Are you reffering to Oto. Lithobates? If so do you have any pics of those?


----------



## Orbital (Jun 11, 2005)

Yep, Otopharynx Lithobates Zimbawe Rock. I took those pics a few days ago, him and the Yellow labs were both spawning with their females after a water change the day before. Unfortunately he got a chunk taken out of his caudal fin during the water change. I was planning to show him at a upcoming club event too, since he had nice grown out fins. :-(


----------



## zenyfish (Jan 18, 2005)

Orbital said:


> I have 12 Petricola in there from 2-3" in size, I added them recently from another setup. They were in with adult yellow labs and lithobates up to 4-5" of size with no problems. Petricola seem to be ignored for the most part, actually seen a couple of the bigger ones nip at the cichlids. But not often.

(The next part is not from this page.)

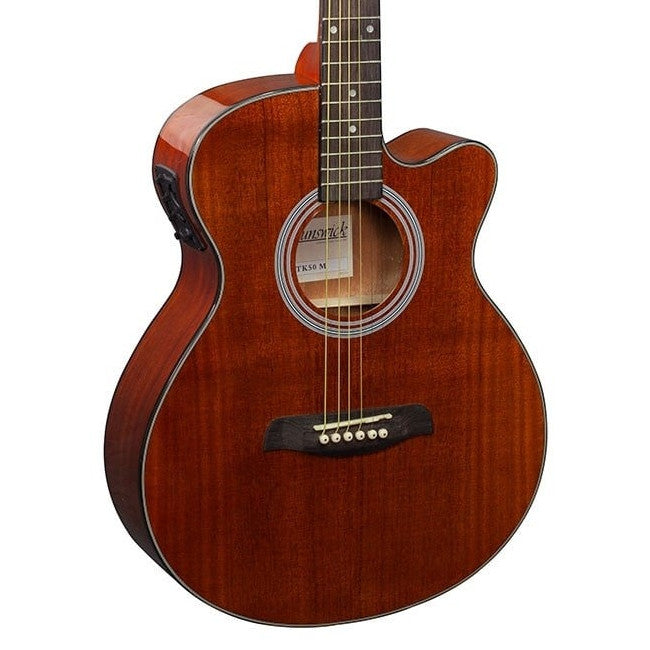 Brunswick BTK50 M akoestisch/elektrisch gitaar vooraanzicht body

Thanks Orb. The petricolas are fast becoming my favorite catfish. Even at their small size, they're gaining enough confidence to explore all areas of their tank during the day.


----------



## Doodles (Oct 2, 2005)

They are GORGEOUS!!!! I love the solid blue one.


----------



## IloveCichlids (Jul 11, 2005)

What is the pic of the last one? Hap Ahli? Or is that an Oto. Lithobates "Mumbo Is."?


----------



## fishboy (Feb 26, 2005)

nice pictures, but i'm not a cichlid person


----------



## Orbital (Jun 11, 2005)

Its a Iceberg Fryeri, still pretty young about 3.5-4" on the male. the female I got with him is around 2.5"


----------



## Orbital (Jun 11, 2005)

fishboy said:


> nice pictures, but i'm not a cichlid person


You don't know what you're missing. :mrgreen: Ever since I started keeping these Malawians, nothing else really perks my attention, other then my Synodontis species.


----------



## AshleytheGreat (Jul 24, 2005)

Aww i love how big their eyes are!


----------



## IloveCichlids (Jul 11, 2005)

I am with Orbital, ever since starting with Africans, nothing but Angelfish (I have kept a few before) even spark an interest to me. How could you pass up the most beautiful and colorful freshwater (riftlake) fish out there?


----------



## Lydia (Feb 6, 2005)

I pass them up because I don't have the room or money for a big enough tank for them. Unless they fit in a 20 gallon. 


Beautiful fish, Orbital!!


----------



## Georgia Peach (Sep 23, 2005)

nice fish!


----------



## Orbital (Jun 11, 2005)

Lydia said:


> I pass them up because I don't have the room or money for a big enough tank for them. Unless they fit in a 20 gallon.
> 
> 
> Beautiful fish, Orbital!!



Nope, 20 gallons isn't much to work with. Might be abel to do some shelldwellers. Not much options with with Malawians since they all get decent sized for the most part or are too aggressive for that much space.


----------